Fighting for justice as a Jewish value

In addition to being created by Jewish artists, characters like Captain America, Spider-Man and The Avengers have something else in common: they are committed to fighting the “bad guys” and making the world a better place through self-sacrifice and standing up for what’s right.

Consider Captain America, a Jewish-created superhero who champions justice. Created in 1940 by Joe Simon and Jack Kirby for Timely Comics as a direct response to Hitler gaining power, he is a symbol of patriotism and justice. 

Captain America’s 1941 cover, by Joe Simon and Jack Kirby (Courtesy: Timely – Marvel Comics)

After army doctor Abraham Erskine injects him with a Super-Soldier Serum to gain enhanced physical powers, Captain America is able to punch Nazis and thwart their evil plans, embodying American — and Jewish — ideals of freedom and justice.

Even Batman — conceived in 1939 by Jewish creators Bob Kane and Bill Finger — has fought the foes of Jews.

In comics released during World War II, Batman’s creators envisioned him literally fighting the Nazis. In Batman #14, he busted up a Nazi spy ring, and on the cover of Batman #18, he is seen lighting a giant stick of dynamite in the faces of Hitler, Hirohito, and Mussolini. 

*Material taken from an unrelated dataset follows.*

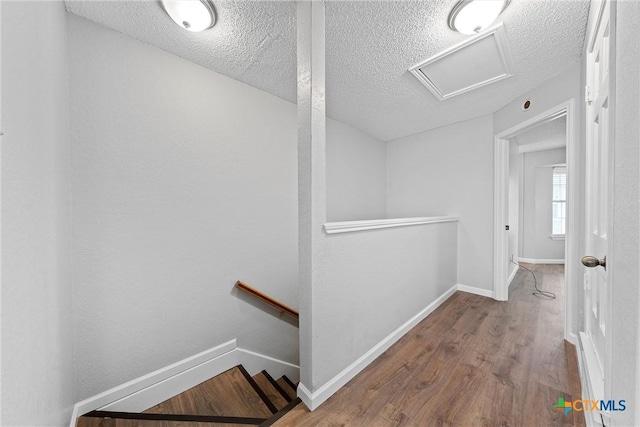 1311 Speight Ave, Waco, TX 76706 - hall with hardwood / wood-style flooring and a textured ceiling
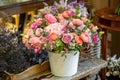 Beautiful multi-colored bouquet of mixed roses and other flowers in a shop. Fresh cut flowers placed in white flower pot Royalty Free Stock Photo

Other comic book heroes fight justice on behalf of marginalized groups. The X-Men comics, created by Stan Lee and Jack Kirby during the Civil Rights Movement in 1963, feature five mutant friends with special powers who are often targeted for being different.

Comics and graphic novels as an educational tool 

From fighting for justice in the face of great adversity, Jewish creators then found another medium in comics: education.

The 1970s witnessed the birth of a new genre in this space, graphic novels. Taking inspiration from comic books, these works were characterized by their longer, more complex story arcs. One of the most famous graphic novels is “Maus” by Jewish artist Art Spiegelman

Illustration from “Maus” by Art Spiegelman

Spiegelman set out to preserve the stories of his father, a Polish Holocaust survivor, in creating “Maus,” which debuted in 1980. The series, which eventually expanded into a trilogy, tells his father’s stories through illustrated pages where Jews are portrayed as mice, and Germans and Poles as cats and pigs, respectively. 

Initially as an educational tool for himself, “Maus” has played a critical role in Holocaust education, offering students a compelling insight into survivors’ personal experiences. It was also the first graphic novel to be awarded a Pulitzer Prize. 

Recently, the book has been at the center of controversy, as it was banned by a Tennessee school board last year for having “rough, objectionable language.”

Banning “Maus” only proves how comic books and graphic novels are far from mere entertainment — they are powerful expressions of history, identity, and human resilience. They challenge societal norms and give voice to narratives that might otherwise remain silent.

Israeli Defense Comics #1 by Joshua Stulman, released in 2012

Today, an ever-growing number of Jewish comic book creators and graphic novelists are not only continuing this rich tradition but also pushing the boundaries of the genre. Their works span a variety of Jewish themes, including Israel and Torah teachings. They have the trailblazing pioneers from the Golden Age of Comics to thank, who paved the way for these narratives to flourish.